## Collected data

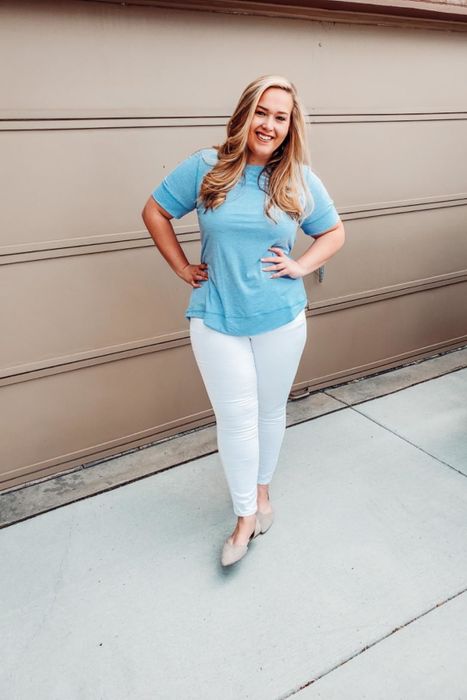 A reviewer showing off the top in a soft light blue.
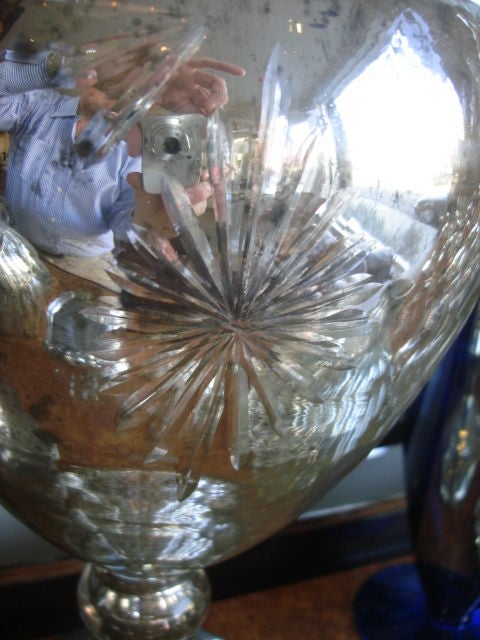 A Pair of Mercury Glass Urns with Lids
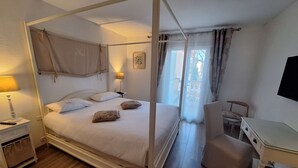 A four-poster bed with a canopy, a desk with a chair, a bedside table with a lamp, and a window with curtains. - Best Western l'Orangerie (Nîmes)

## Task requirements
Leave out the pictures and return the listing exactly.

## Task output
 A reviewer showing off the top in a soft light blue.
 A Pair of Mercury Glass Urns with Lids
 A four-poster bed with a canopy, a desk with a chair, a bedside table with a lamp, and a window with curtains. - Best Western l'Orangerie (Nîmes)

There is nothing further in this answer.